Less surprising was the loss of Andy Murray. The Toronto winner struggled with the heat, fatigue, and his opponent, who could be compared to Bagdhatis. Mardy Fish was ranked 108 as recently as March but has put together his best tennis as well as improving his fitness to climb to 21. He had little sympathy for an uninspired Murray and dispatched of him in three sets.
Fish’s week continued to improve as he overcame compatriot and close friend Andy Roddick in the semi-finals. After upsets of that magnitude, it was no wonder he kept his nerve during his final against Federer. Fish demonstrated what so many others don’t – that with a clear head you can create opportunities against the world’s best. By playing his own game and not stretching himself beyond those blurred boundaries of aggression, Fish snagged the first set in a tiebreak. Federer was clearly the better player, the bigger talent, but it was Fish who took his opportunities when they arose. Unfortuantly for him, Federer soon realised he needed to do the same. Fish was never going to lose this match, Federer had to take it from him.

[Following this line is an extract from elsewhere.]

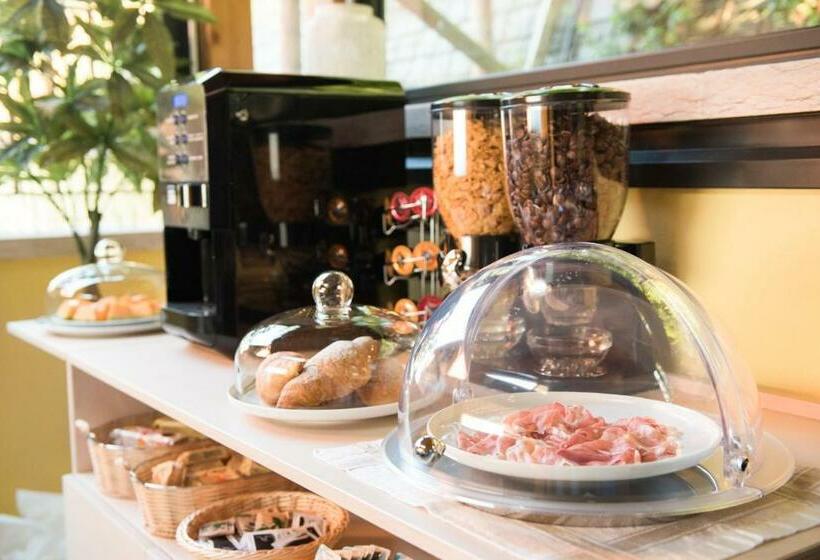 テラス付きスタンダードルーム, B&b La Rubiana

It was at the end of the second set tiebreak that everything began to click for the Swiss. A huge ‘come-on’ in a tiebreak he dominated 7-1 signalled the changing of fortunes. To the casual fan Federer’s shout was nothing but a loud exclamation of aggression, but to all those who follow Federer it was so much more. The 16 time Grand Slam champion had looked lethargic, worried, nervous even throughout 2010. His cries of come-on sounded more like they were directed at himself, a desperate attempt to wake his footwork or forehand up from its slumber. Yet in the Cincinnati final it finally sounded as it should, like a challenge from the world’s best. Federer’s aura of invincibility may have faded over the years, but in that moment it was as strong as ever.

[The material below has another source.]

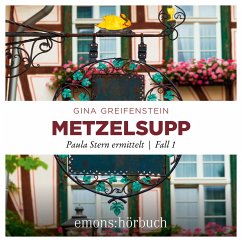 Metzelsupp (MP3-Download) - Greifenstein, Gina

Nobody knew this more than Fish, but rather than resign himself to defeat he fought bravely in the third set. The sole break of the match went to Federer at 4-4. He didn’t let the chance slip away and claimed the championship on his second match-point. The relief on his face was clear as Fish’s backhand drifted wide; this is a match Federer would have lost not that long ago, such was the determination of Fish. Fish may never have looked like the bigger talent, he may not have had the weapons of Federer but he never looked out of his depth either. The quiet American who abstains from fist pumps and loud come-ons preferred instead to display his hunger through plucky rallies and brave serves. As a result he enters the US Open as the American to watch. With the crowd behind him and his calm demeanour, Fish will be considered more than just a dark horse. Indeed, he may prove to be America’s hope. It will be an unfamilar position for him but he appears apt at dealing with those.
As for Federer, he once again arrives at New York as the man to beat. That, of course, is nothing unfamiliar at all.